Photographs: Chris Johnson

Text: Jakob Weizman


Chris Johnson moved to Denmark three months ago from his homeland in the U.K and has already begun to make an impact here through efforts to raise money for charity.


Living just a few minutes from Amager Bakke (also known as Copenhill), Johnson decided he would climb the hill 114 times, which is equivalent to the height of the world's tallest mountain, Mount Everest.


"I chose the charities Bedford Foodbank (U.K.) and the community work of my church here, Copenhagen Vineyard because I have seen firsthand the huge difference they are making in the lives of disadvantaged individuals and families, especially during the lockdown," said Johnson.
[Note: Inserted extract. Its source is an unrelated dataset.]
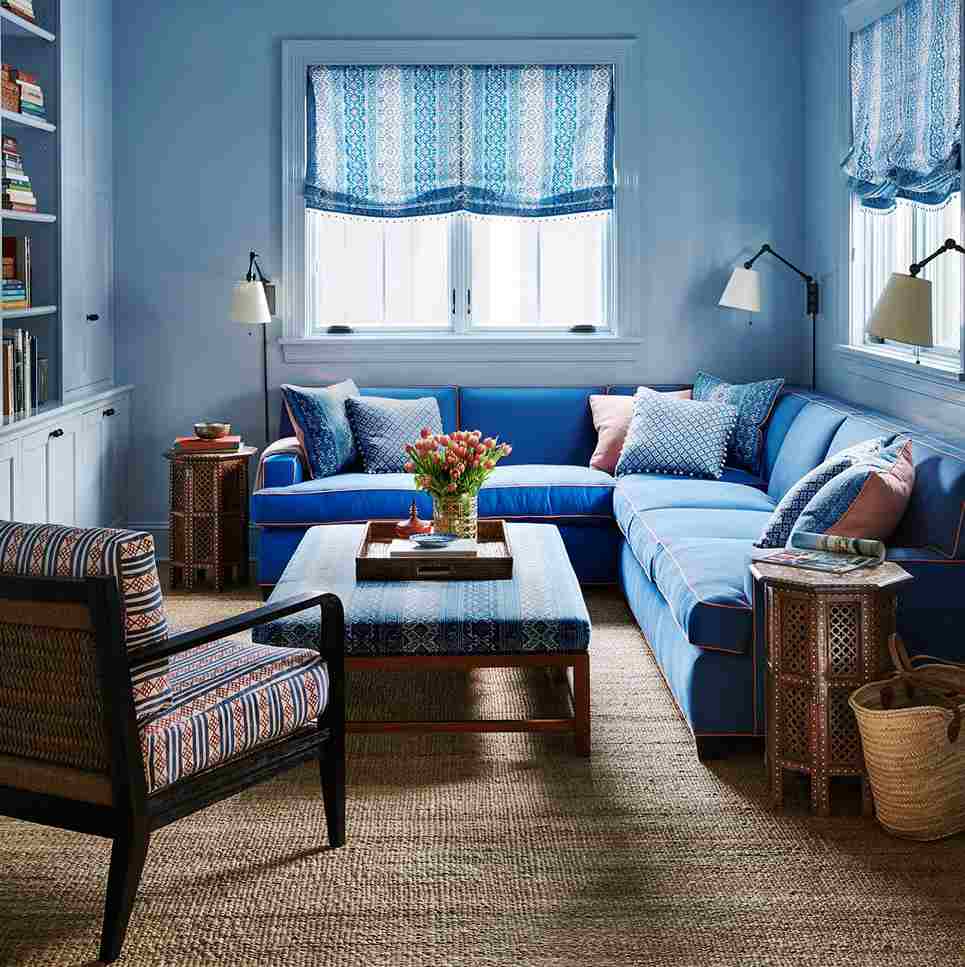 A navy and blue hue and white windows and lamp on the corner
“It has been great to see how people have come on board to give, even when they might have difficulties of their own. Together we are stronger than alone, and it's in difficult times like these that the strength of community and generosity changes (and even saves) lives.”

Working as a web developer from home during the day, Johnson set out to take on the challenge by climbing mostly during evenings throughout the whole month of January. This can be quite a drag as it takes away the view in addition to the freezing temperatures that the Danish winter offers.


"It has been a tough job, and my legs ache most of the day before and after climbing now," said Johnson. "It can become quite monotonous climbing alone. Fortunately, friends and housemates have joined me on occasion, which makes a huge difference and lifts my spirits when it is getting tough!"


The motivated Brit is on target to reach his fundraising goals as he nears towards the end of his climb, aiming to send 500 pounds back home to the foodbank, and 2,000 DKK towards his local church in Copenhagen.


"It has been great to see how people have come on board to give, even when they might have difficulties of their own. Together we are stronger than alone, and it's in difficult times like these that the strength of community and generosity changes (and even saves) lives," said Johnson.